PROVIDED RECORDS
########################################

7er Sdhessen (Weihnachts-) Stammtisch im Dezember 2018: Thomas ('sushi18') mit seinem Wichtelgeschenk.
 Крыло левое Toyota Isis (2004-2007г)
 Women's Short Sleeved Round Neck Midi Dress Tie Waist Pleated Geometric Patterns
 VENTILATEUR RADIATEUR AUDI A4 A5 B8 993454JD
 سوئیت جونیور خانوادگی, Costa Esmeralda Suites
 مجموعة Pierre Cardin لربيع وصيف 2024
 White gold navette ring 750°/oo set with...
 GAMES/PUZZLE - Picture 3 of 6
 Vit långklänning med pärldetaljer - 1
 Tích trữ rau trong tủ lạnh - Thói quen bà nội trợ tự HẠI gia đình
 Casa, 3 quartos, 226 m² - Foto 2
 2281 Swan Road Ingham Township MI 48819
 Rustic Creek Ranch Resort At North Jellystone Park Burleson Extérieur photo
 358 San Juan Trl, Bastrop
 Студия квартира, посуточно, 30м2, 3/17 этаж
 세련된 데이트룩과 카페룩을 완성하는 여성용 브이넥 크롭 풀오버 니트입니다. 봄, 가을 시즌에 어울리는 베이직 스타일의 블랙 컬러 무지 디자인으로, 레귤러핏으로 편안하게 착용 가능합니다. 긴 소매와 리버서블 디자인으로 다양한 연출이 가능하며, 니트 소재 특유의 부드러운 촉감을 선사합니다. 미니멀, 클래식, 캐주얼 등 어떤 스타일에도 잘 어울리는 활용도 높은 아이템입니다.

########################################

WHAT IS BEING ASKED
Say each line again exactly as it appears above.

ANSWER BOX
7er Sdhessen (Weihnachts-) Stammtisch im Dezember 2018: Thomas ('sushi18') mit seinem Wichtelgeschenk.
 Крыло левое Toyota Isis (2004-2007г)
 Women's Short Sleeved Round Neck Midi Dress Tie Waist Pleated Geometric Patterns
 VENTILATEUR RADIATEUR AUDI A4 A5 B8 993454JD
 سوئیت جونیور خانوادگی, Costa Esmeralda Suites
 مجموعة Pierre Cardin لربيع وصيف 2024
 White gold navette ring 750°/oo set with...
 GAMES/PUZZLE - Picture 3 of 6
 Vit långklänning med pärldetaljer - 1
 Tích trữ rau trong tủ lạnh - Thói quen bà nội trợ tự HẠI gia đình
 Casa, 3 quartos, 226 m² - Foto 2
 2281 Swan Road Ingham Township MI 48819
 Rustic Creek Ranch Resort At North Jellystone Park Burleson Extérieur photo
 358 San Juan Trl, Bastrop
 Студия квартира, посуточно, 30м2, 3/17 этаж
 세련된 데이트룩과 카페룩을 완성하는 여성용 브이넥 크롭 풀오버 니트입니다. 봄, 가을 시즌에 어울리는 베이직 스타일의 블랙 컬러 무지 디자인으로, 레귤러핏으로 편안하게 착용 가능합니다. 긴 소매와 리버서블 디자인으로 다양한 연출이 가능하며, 니트 소재 특유의 부드러운 촉감을 선사합니다. 미니멀, 클래식, 캐주얼 등 어떤 스타일에도 잘 어울리는 활용도 높은 아이템입니다.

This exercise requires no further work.